# Next Steps?



## audidawn (Sep 17, 2009)

My husband of 11 years left a couple of weeks ago to live in a different state. He not only left me behind but our three children as well. He has kept in touch with them consistently and me randomly but I am not sure what my next steps should be. One day he calls and talks about when things will be better between us...the next he calls and screams and yells. He is living with another woman who he says is just a friend but I am having a hard time believing that. I want to have hope that things can and will get 'better' (my heart talking) but know realistically that it probably never will (my mind talking). I feel like if I go ahead and file for divorce then it will finalize everything and I am shutting the door on ever getting back together and working things out but I also don't want to have false hope and pine over him either. Does anyone have any advice on what the next steps I should take are?


----------



## Corpuswife (Apr 24, 2009)

If he's living with another woman...more than likely there is something going on.
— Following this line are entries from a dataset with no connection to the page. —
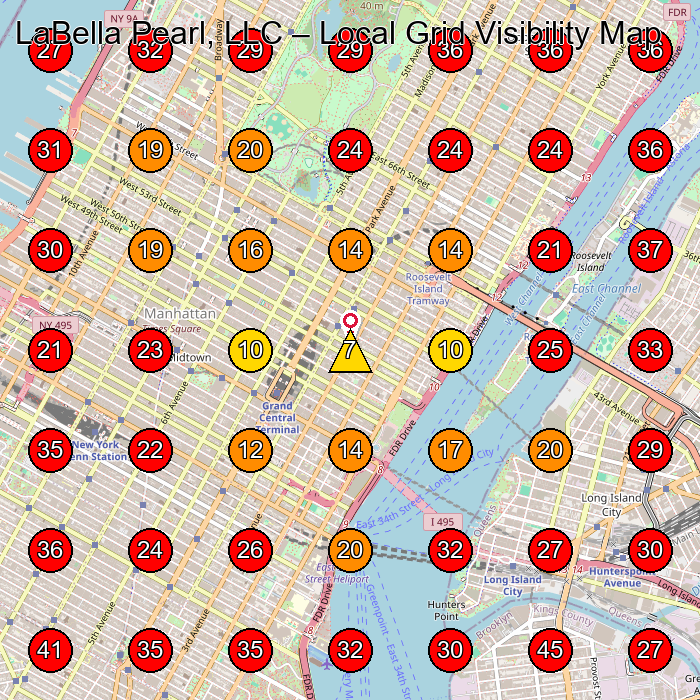 LaBella Pearl, LLC GeoGrid visibility map for Hair Salon in New York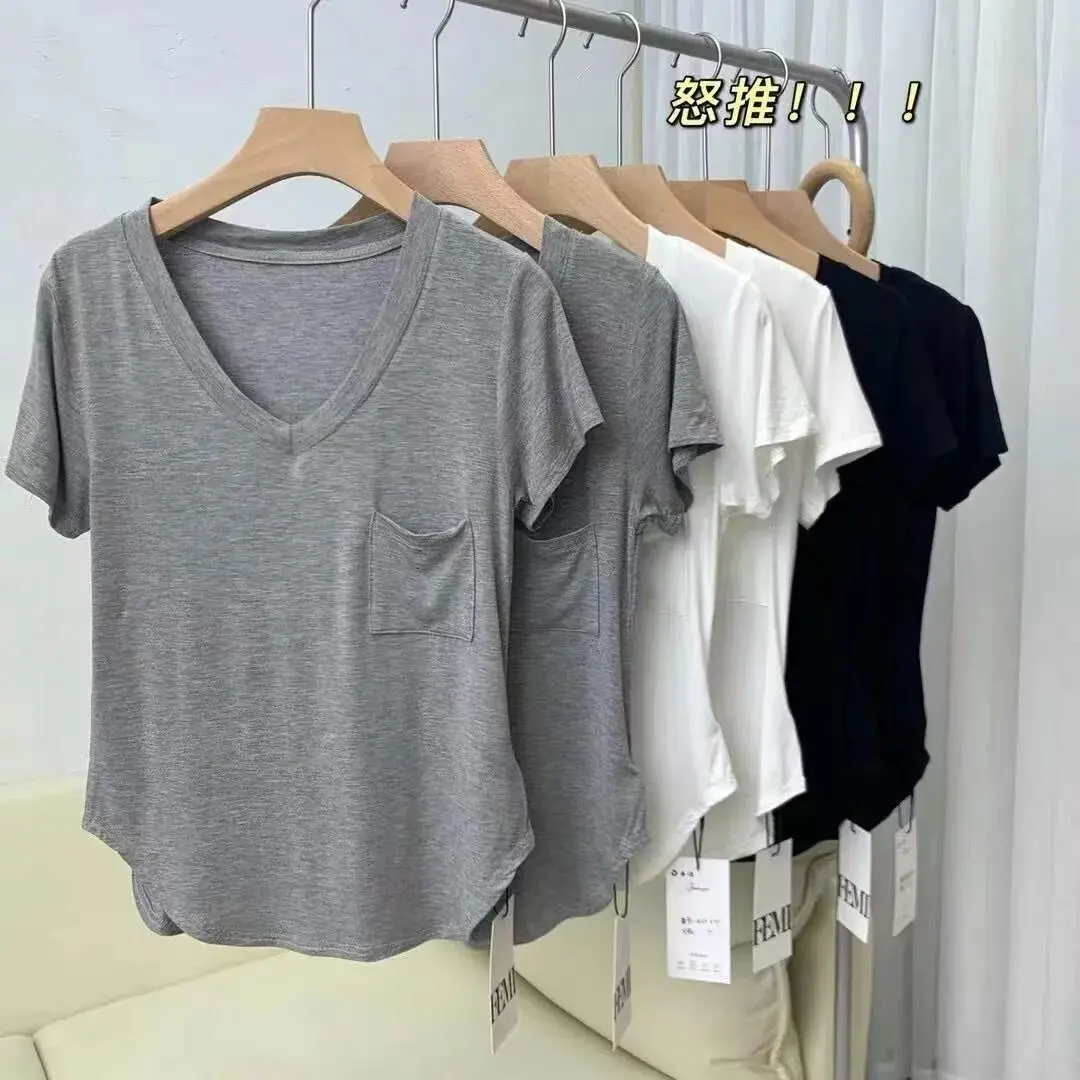 Áo Thun ngắn Tay Dành Cho Nữ, Phong Cách Hàn Quốc, Cổ Áo Xếp Nếp, Vải Modal Và Cotton, Dáng Rộng Vừa Vặn, Áo Sơ Mi Cơ Sở Dễ Phối Đồ Áo Cổ Chữ V Sành Điệu, Thích Hợp Cho Mùa Hè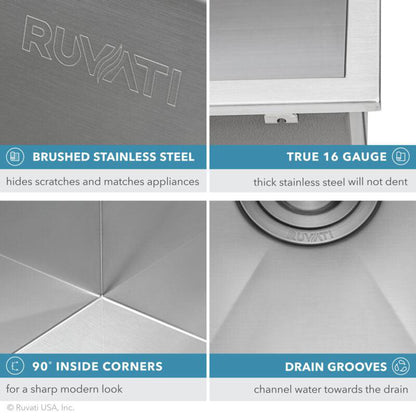 Ruvati Forma 25" x 22" Stainless Steel Deep Topmount Laundry Utility Sink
He sounds, at the very least, confused.

He's in a different state.

I would quit talking to him regarding any relationship talk. Kids stuff only.

Nothing is going to happen in the marriage with him living with another woman in another state.

Let him know that unless he wants to restore the marriage in a healthy manner...don't bother talking to you. Restoring means moving to the same town buddy and getting and getting help.


----------